=== Section Start ===

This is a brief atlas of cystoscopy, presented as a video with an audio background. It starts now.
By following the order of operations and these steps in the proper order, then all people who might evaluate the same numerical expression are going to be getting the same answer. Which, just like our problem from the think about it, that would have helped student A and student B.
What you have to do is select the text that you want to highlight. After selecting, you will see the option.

=== Section End ===
=== Section Start ===

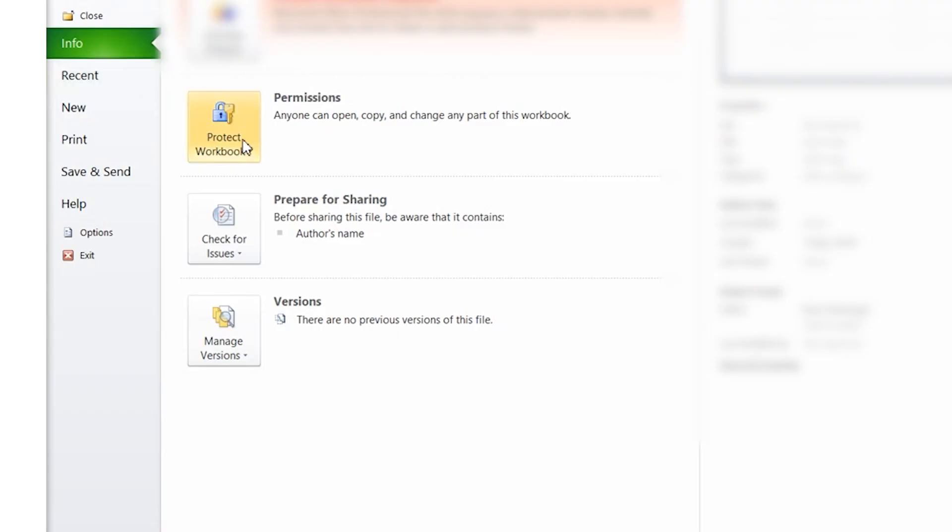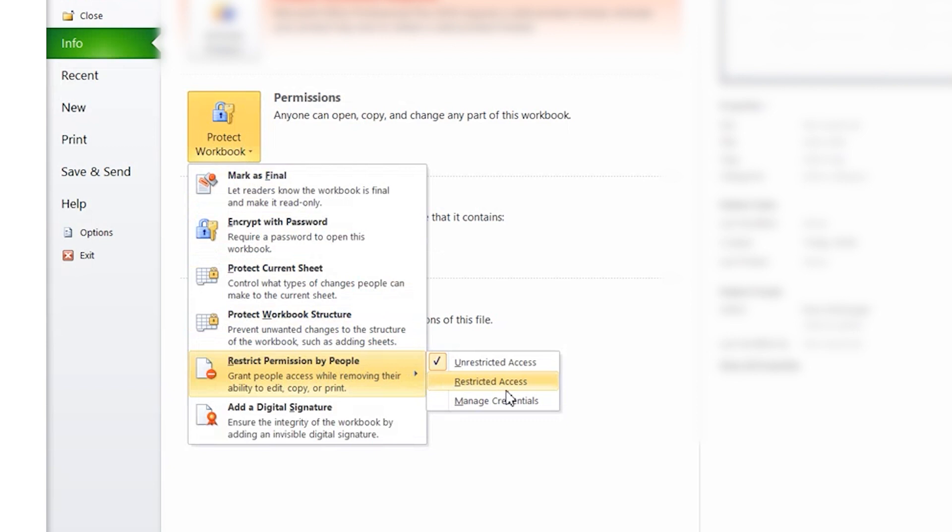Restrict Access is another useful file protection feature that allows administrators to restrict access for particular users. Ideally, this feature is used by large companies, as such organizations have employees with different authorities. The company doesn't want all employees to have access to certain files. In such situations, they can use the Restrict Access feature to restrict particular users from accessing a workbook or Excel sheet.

=== Section End ===
=== Section Start ===

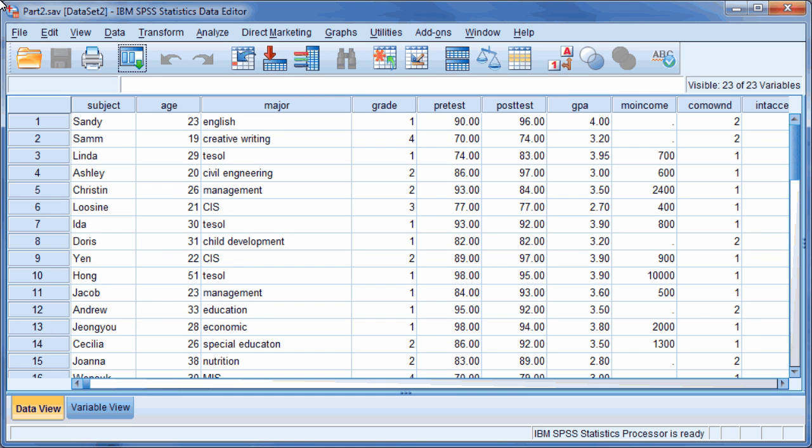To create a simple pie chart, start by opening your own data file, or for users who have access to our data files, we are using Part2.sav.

=== Section End ===

* **Work to be completed**: Print exactly the lines of the listing above starting at the line containing "This is a brief" and ending at the line containing "What you have", both included.

* **Exercise response**:
This is a brief atlas of cystoscopy, presented as a video with an audio background. It starts now.
By following the order of operations and these steps in the proper order, then all people who might evaluate the same numerical expression are going to be getting the same answer. Which, just like our problem from the think about it, that would have helped student A and student B.
What you have to do is select the text that you want to highlight. After selecting, you will see the option.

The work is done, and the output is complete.